The pivotal innovation of this work lies in the reimagined search space, whereby the NAS task is translated into selecting which kernels' subsets are to be used in specific ConvNet layers. This is achieved through a parameter-sharing mechanism within an over-parameterized "superkernel" that is both memory and computation-efficient compared to traditional approaches that maintain separate paths for each candidate operation.

The authors introduce a differentiation-base approach to navigate this search space, leveraging differentiable indicators that decide the active set of kernel weights during training. This approach effectively transforms the NAS search into a weight optimization problem, eliminating the need for separate architectural weights, hence simplifying the optimization landscape and reducing the computational burden.

Implications and Future Directions

The advancements demonstrated by Single-Path NAS have significant implications for both the theoretical understanding and practical deployment of NAS. By moving towards a more efficient encoding of NAS design spaces, this work opens avenues for exploring more complex and constrained NAS problems previously deemed computationally prohibitive. For instance, applying this single-path methodology could be extended to optimize architectures across a broader set of constraints such as energy efficiency and real-time processing capabilities on edge devices.

In terms of future developments, the single-path framework can potentially be integrated into other NAS paradigms, such as reinforcement learning and evolutionary strategies, offering these models the same reductions in computational expenditure while maintaining model accuracy and efficiency gains. The methodology’s adaptability to various hardware platforms could also be an exciting frontier, extending its applicability beyond mobile devices to other resource-constrained environments such as IoT devices and embedded systems.

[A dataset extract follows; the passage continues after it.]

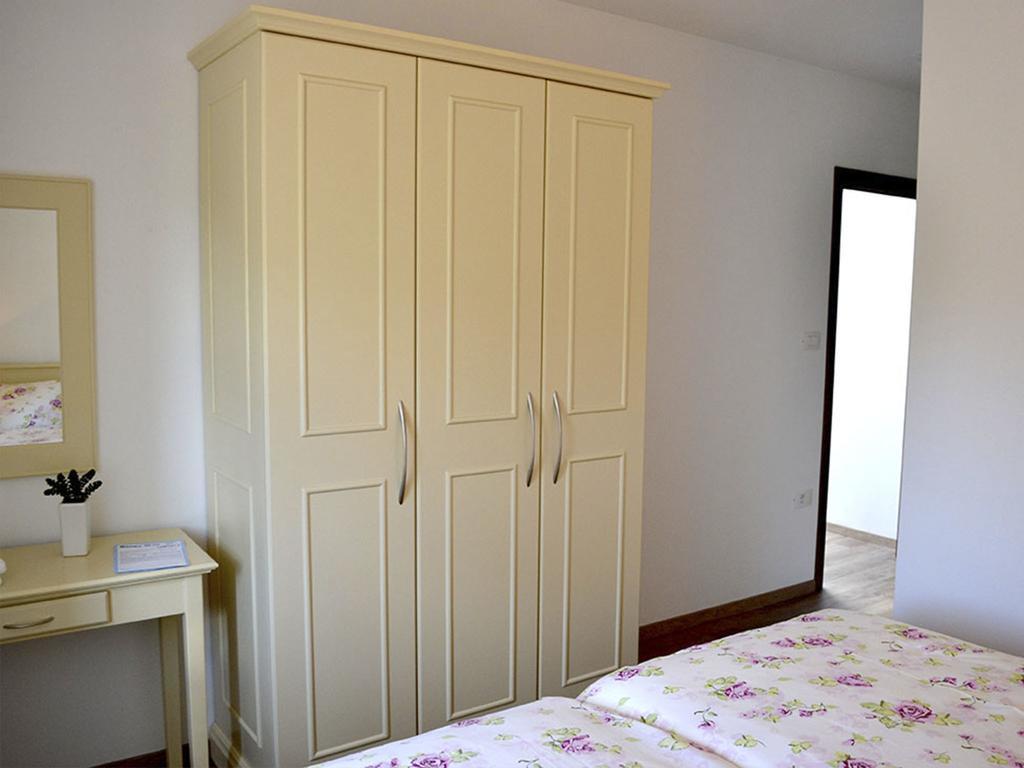 Holiday Home Mate Tinjan Habitación foto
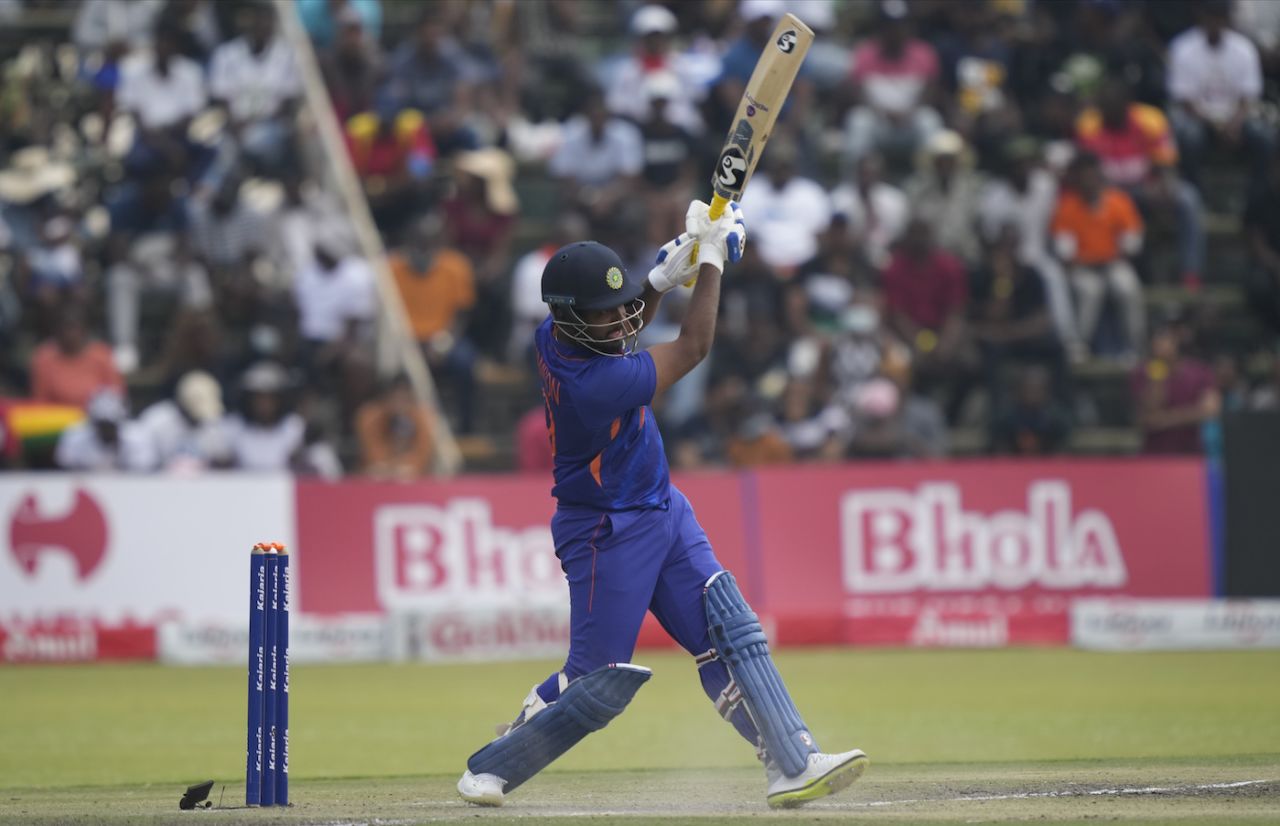 Sanju Samson finishes the job with a six down the ground, Zimbabwe vs India, 2nd ODI, Harare, August 20, 2022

In conclusion, this work sets a compelling precedent for future NAS research by demonstrating an effective balance between network performance and search efficiency. The open-sourcing of their implementation lays a foundation for further exploration and validation by the AI research community. This contribution is poised to fuel further innovation in the design of hardware-efficient neural networks, leveraging the informed selection of network architectures that align with specific hardware constraints.